Accounting Identity Errors and MMT

Just a quick bit of evidence for my claim that many people who adopt the MMT mindset quickly lapse into error.

Here's an excerpt from a post at Asymptosis:

...suppose someone says:

1. We should reduce government debt.

2. There’s not much we can do about net imports, the trade imbalance.

(Exports are determined largely by international demand, and we don’t want to use trade policy to deny our people the benefits of cheap imported goods.)

3. People should save more.

This is impossible, by accounting identity.

No. It. Isn't.

The government can definitely reduce its debt while people save more and the trade imbalance remains. Because there is no necessity for the government or the foreign sector to run a deficit for people to save.

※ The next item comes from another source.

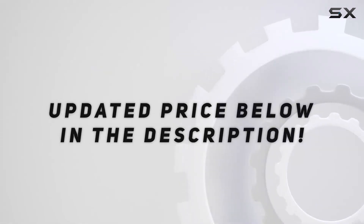Check out the video description for updated price. And thank you for watching this video.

When someone says, "people should save more," they are almost never saying that the entire private sector should "net save." They are saying that working people should consume less than their income, so that they will have some money to spend when their income shrinks because of unemployment or retirement. People can do this by putting money in savings and money market accounts, or by buying stocks and bonds.

This type of savings doesn't create new net financial assets for the private sector, since every purchase of this kind of asset is someone else's liability. But that doesn't mean people aren't saving.

Any time someone tells you an accounting identity means that something you see going on all the time is impossible, you can be sure that guy has the accounting wrong.